:: TASK DESCRIPTION ::
Would you please repeat all of the data exactly, omitting the pictures?

:: GIVEN MATERIAL ::
•••

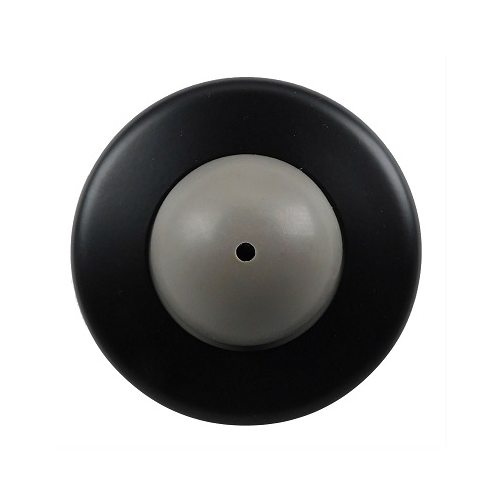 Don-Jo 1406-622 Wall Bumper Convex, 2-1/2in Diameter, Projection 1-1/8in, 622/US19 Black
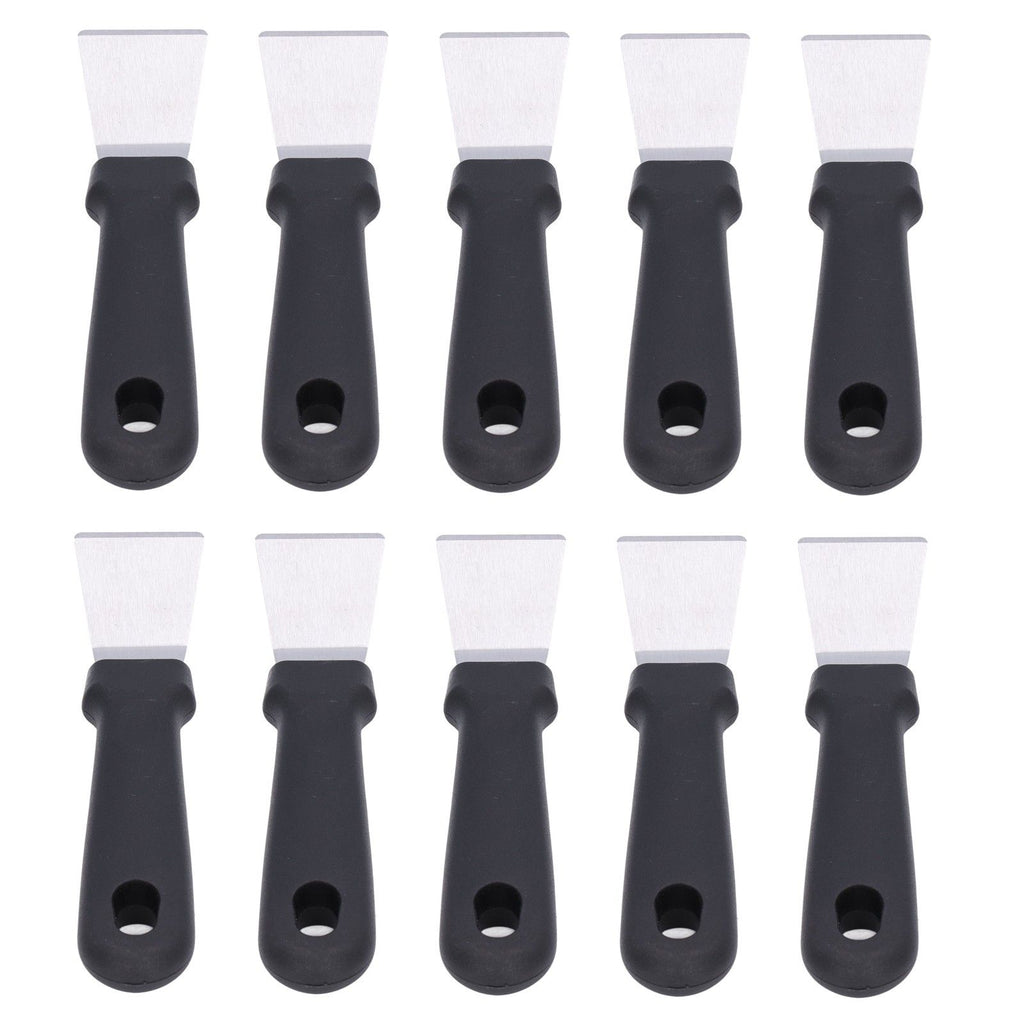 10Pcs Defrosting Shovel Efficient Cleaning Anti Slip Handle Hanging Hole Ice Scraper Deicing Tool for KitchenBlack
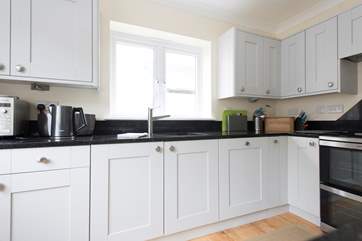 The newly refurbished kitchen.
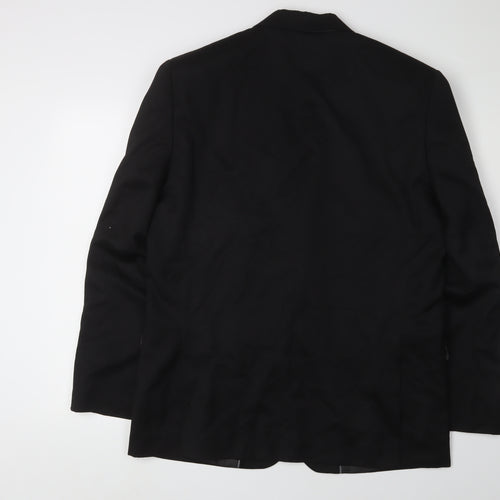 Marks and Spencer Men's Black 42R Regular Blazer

•••

:: RESULT BELOW ::
 Don-Jo 1406-622 Wall Bumper Convex, 2-1/2in Diameter, Projection 1-1/8in, 622/US19 Black
 10Pcs Defrosting Shovel Efficient Cleaning Anti Slip Handle Hanging Hole Ice Scraper Deicing Tool for KitchenBlack
 The newly refurbished kitchen.
 Marks and Spencer Men's Black 42R Regular Blazer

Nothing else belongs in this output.